Farm Progress

Switchgrass harvested for ethanol

December 17, 2008

5 Min Read

Farmers in east Tennessee are harvesting 723 acres of switchgrass this fall which a new cellulosic ethanol plant will turn into ‘grassoline.’

The plant, which is under construction at the Niles Ferry Industrial Park in Vonore, Tenn., 32 miles southeast of Knoxville, is part of the University of Tennessee Biofuels Initiative, a state-sponsored plan whose objective is to advance a biofuels economy in the state.

“Our goal is to go from the farm to the filling station,” said Kelly Tiller, director of external operations, Office of Bioenergy Programs, University of Tennessee. “We want to demonstrate farm production, conversion to ethanol and end use.” Tiller spoke at the West Tennessee Alternative Crop Conference at the Fogelman Executive Conference Center at the University of Memphis.

UT created a for-profit company called Genera Energy to construct and operate the new facility with a private company called DuPont Danisco Cellulosic Ethanol. Ground was broken on the Vonore plant Oct. 14. When completed, the principle product of the biorefinery will be “grassoline,” ethanol fuel derived from plant material such as switchgrass, wood chips and other forest and agricultural biomass. Expected capacity is 250,000 gallons of cellulosic ethanol annually.

“We're doing this in phases,” Tiller said. “Switchgrass was planted on 723 acres in 2008, and we're in the process of harvesting that now. We're going to contract for another 2,000 acres this coming spring, and 3,000 acres for the spring of 2010.”

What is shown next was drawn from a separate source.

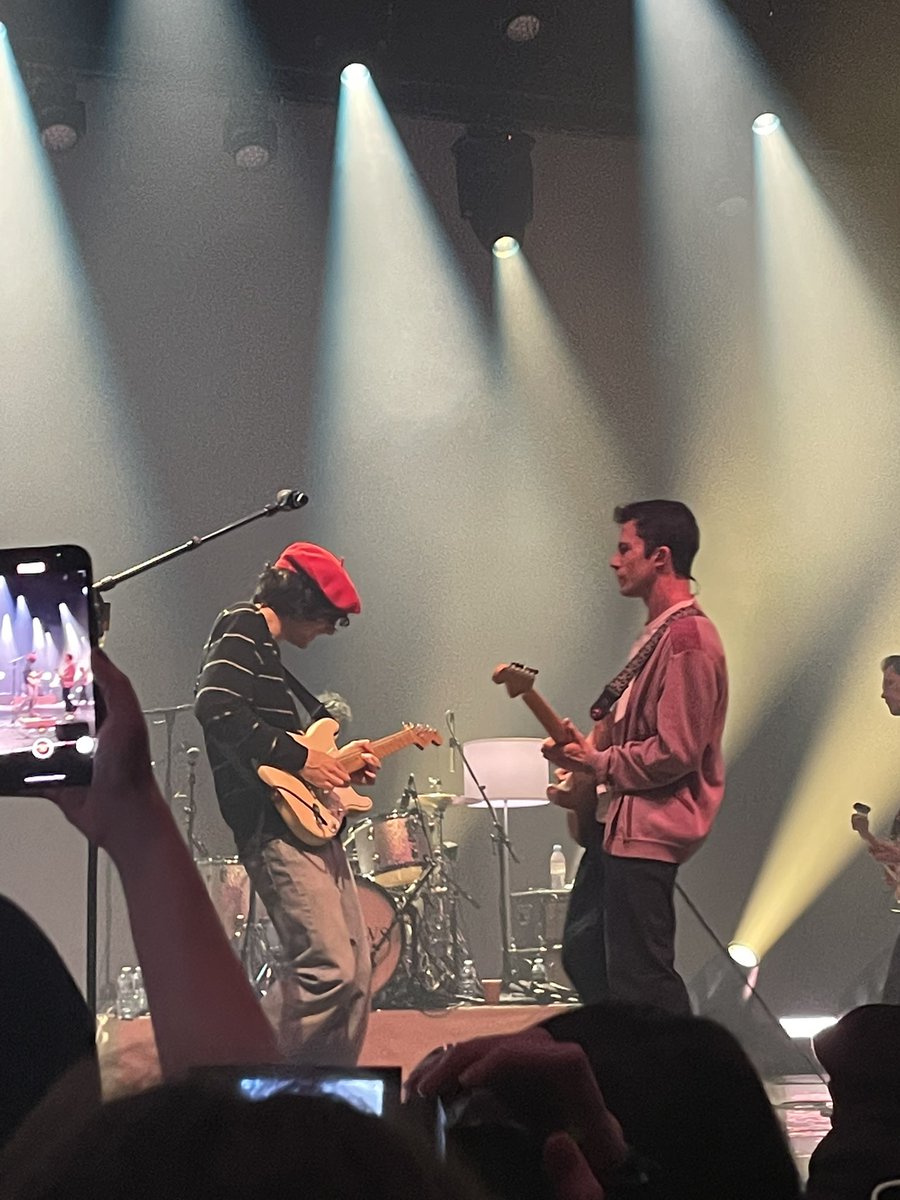 VHSPOULTER's tweet photo. BRAEDEN WORE THE BERET WE GAVE HIM IN BRUSSELS YESTERDAY?????? i’m in tears https://t.co/lf76Duzb2E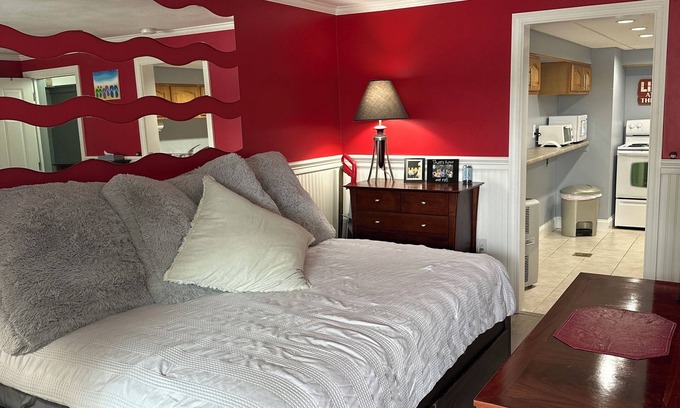 Laconia Condo | Condo in the Heart of the NH Lakes Region Attractions.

The acreage is expected to produce more switchgrass than the biorefinery can process, according to Tiller, “but we think this is a good opportunity for farmers to get the biomass growing in advance of there being lots of cellulosic ethanol opportunities.”

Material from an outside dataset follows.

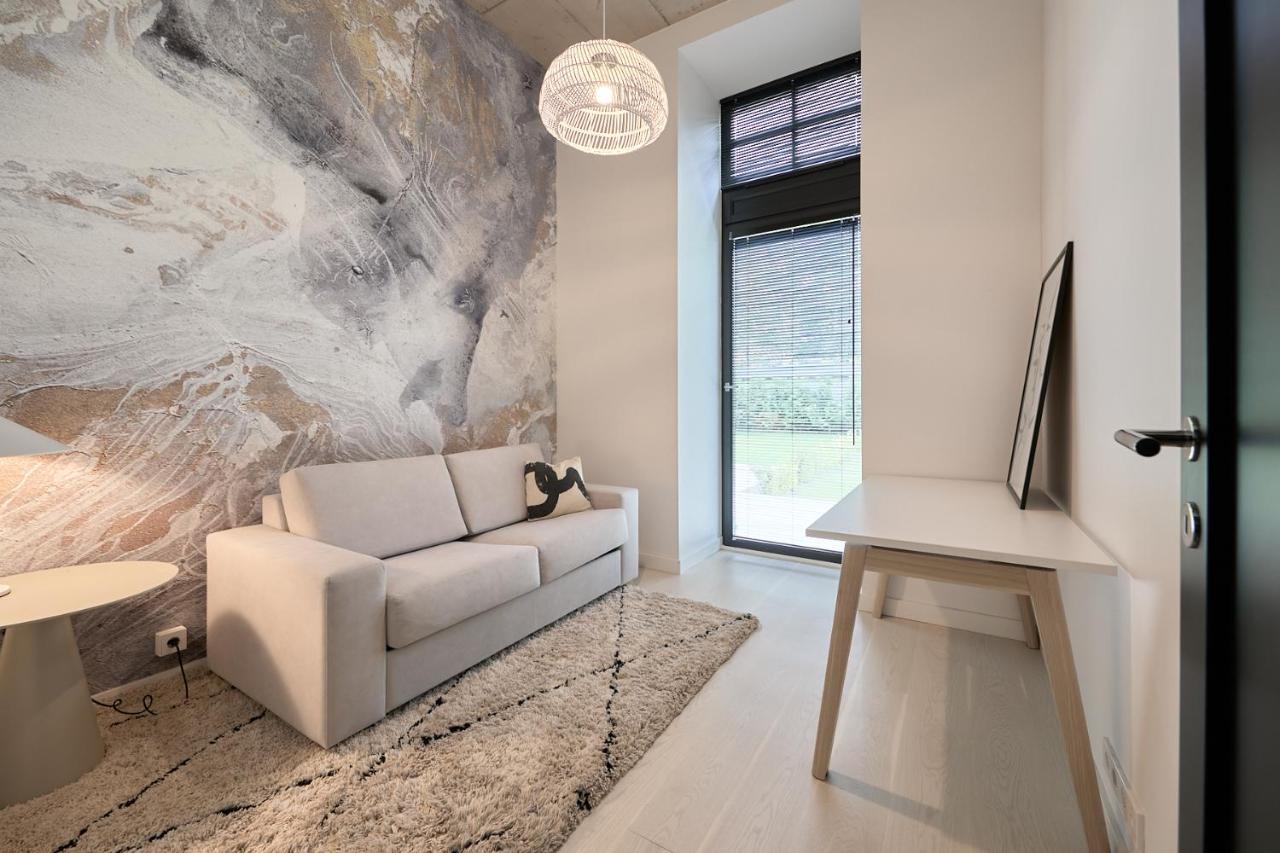 High Ceiling Loft With Its Own Backyard And A Terrace Lejlighed Tallinn Eksteriør billede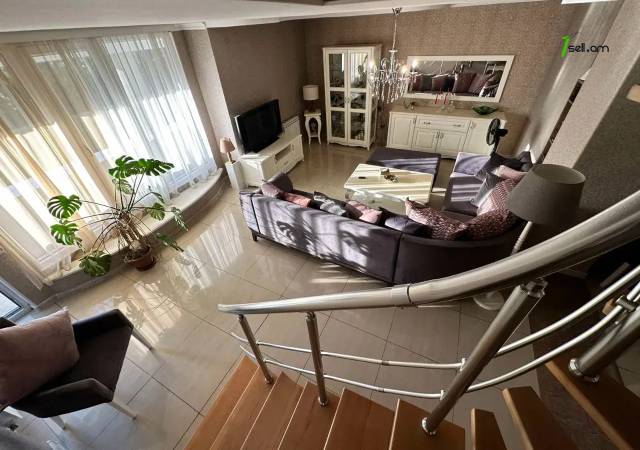 4 սենյականոց բնակարան Մեսրոպ Մաշտոցի պողոտայում, 135 ք.մ., 2 սանհանգույց, կապիտալ վերանորոգված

Meanwhile the excess switchgrass will be pelletized “for use as green power, for example being co-fired in coal-burning power plants.”

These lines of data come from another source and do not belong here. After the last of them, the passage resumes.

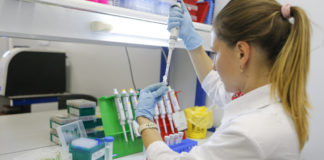 Unha científica do Centro Gamaleya, onde se desenvolveu a vacina Sputnik V. Foto: sputnikvaccine.com.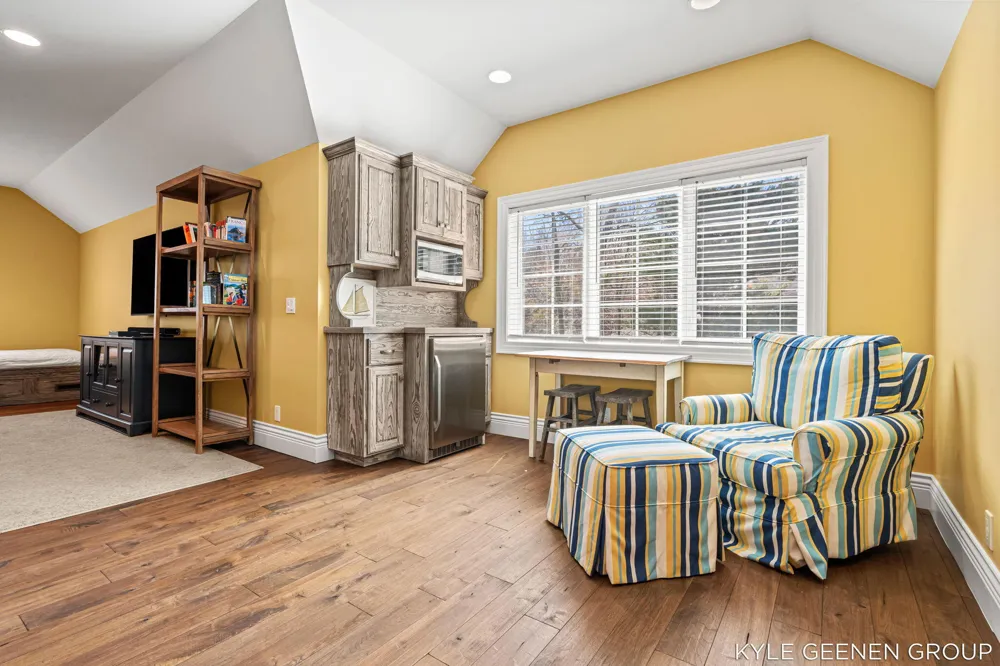 2817 Lakeshore Drive Fennville, MI 49408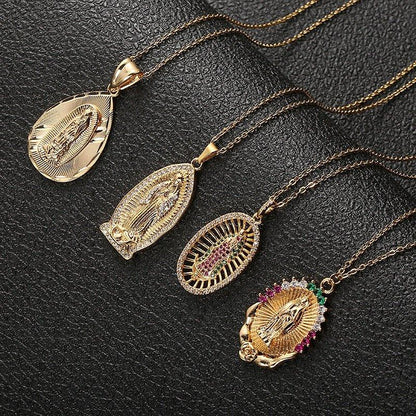 Collier médaillon en forme de goutte avec vierge marie en plaqué or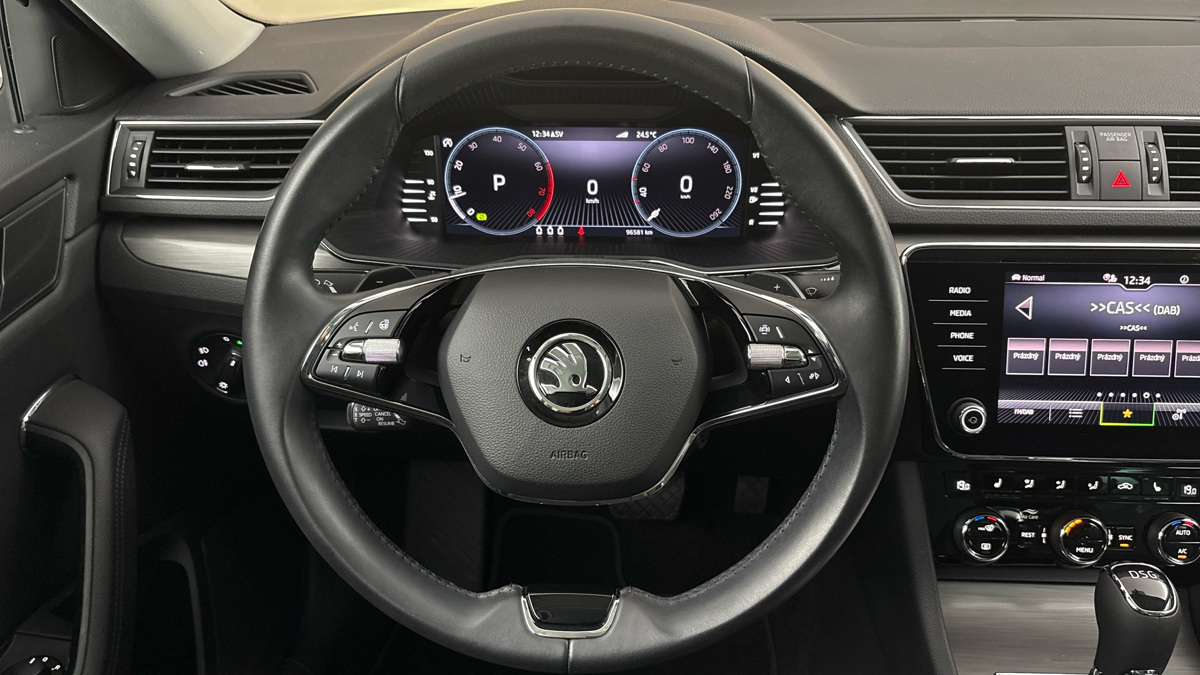 Škoda Superb - 9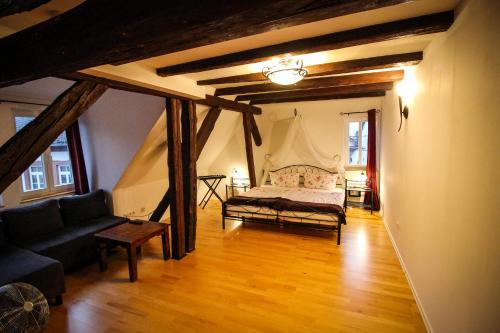 1 king bed, 1 twin bed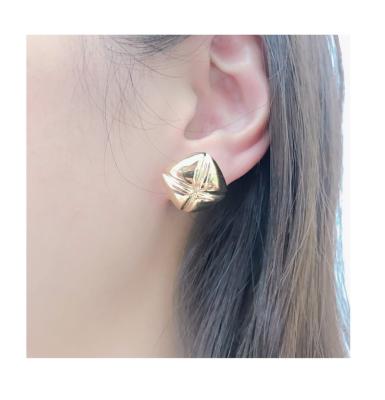 China Vintage Overdone Real Gold Earrings 18K Gold Vintage Earrings Trendy Women Jewelry for sale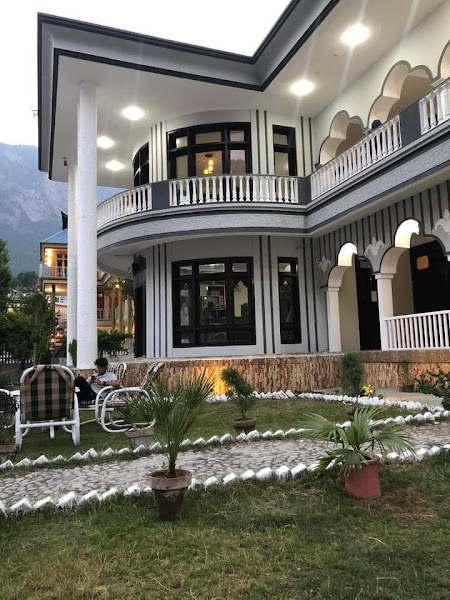 Hotel Pameer Kalam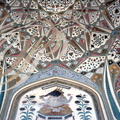 INDE (Rajasthan) - AMBER : le palais (demi couple incrustée de pierres semi précieuses au-dessus d'une porte)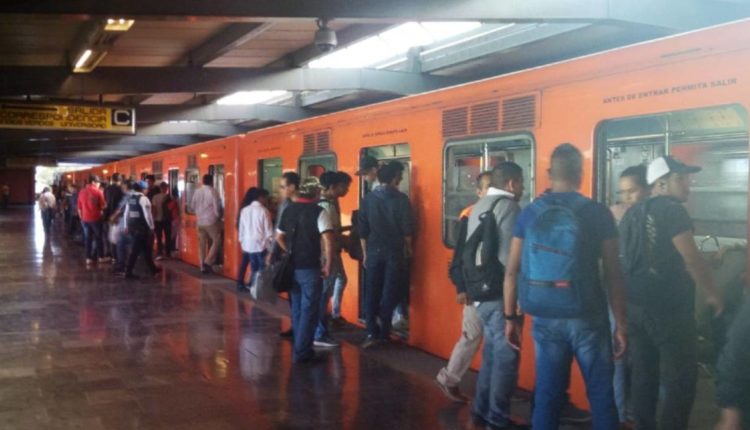 mujer vagón exclusivo metro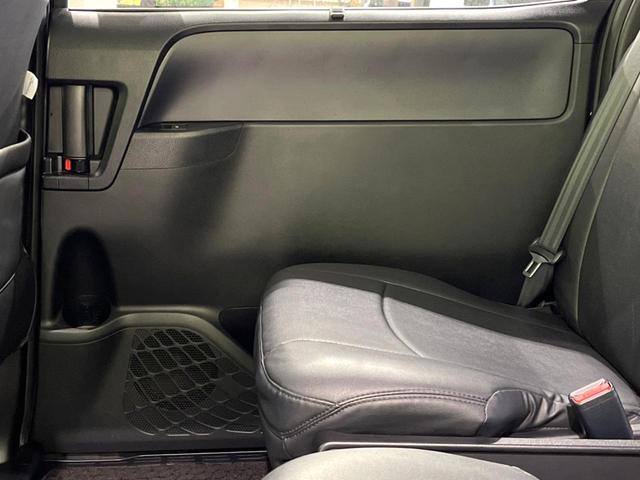 ノア Ｓｉ　両側電動ドア　純正９型ナビ　後席モニター　バックカメラ　セーフティセンス　コーナーセンサー　スマートキー　ＬＥＤヘッド　ビルトインＥＴＣ　オートライト　デュアルエアコン　純正１６インチアルミ（65枚目）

Almost 1.5 million acres of land in Tennessee have been identified as having a good fit for growing a dedicated energy crop “in a sustainable way that does not influence the food, feed, fuel, fiber balance,” Tiller said.

West Tennessee farmer Willie German attended the conference to gauge the potential value of alternative crops to his cotton and grain operation in Somerville, Tenn. “Looking at what has happened to our cotton price recently has us wondering if cotton is going to be a viable option for us. We lost our Step 2 program, and it doesn't look like we can get the price up high enough to grow cotton profitably.

“I farm in an area where there is very little irrigation, so some years, even with good soybean and corn prices, we don't always produce the yield we need to make a profit. We need other options.

“I'm here to grasp a little bit of what's coming. It's good to see this much money is being spent to develop an alternative to these fossil fuels. I want to stay on top of it, and when the price they want to offer us to grow some of these crops looks good, I want to be able to put my name in the hat.”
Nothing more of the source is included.